<<<<

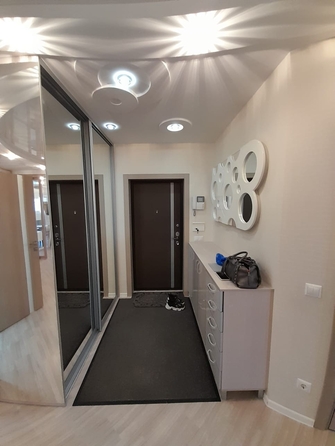 
  Продается 3-комн. квартира, 104 м², Петрашевского ул, д. 36
. Фото 10.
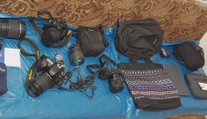 Policie měla dopadnout zloděje ze Slivence. Kradli šperky i spodní prádlo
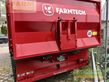 Volquet - Farmtech - durus 1600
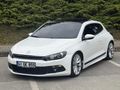 ""2012 MODEL SCİROCCO 1.4 TSİ 220 KM CAM TAVAN OTOMATİK"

>>>>

Lines from the one containing "Policie měla dopadnout" through the end of the entries above, both included, are to be written out exactly; no pictures and no other lines.

 Policie měla dopadnout zloděje ze Slivence. Kradli šperky i spodní prádlo
 Volquet - Farmtech - durus 1600
 ""2012 MODEL SCİROCCO 1.4 TSİ 220 KM CAM TAVAN OTOMATİK"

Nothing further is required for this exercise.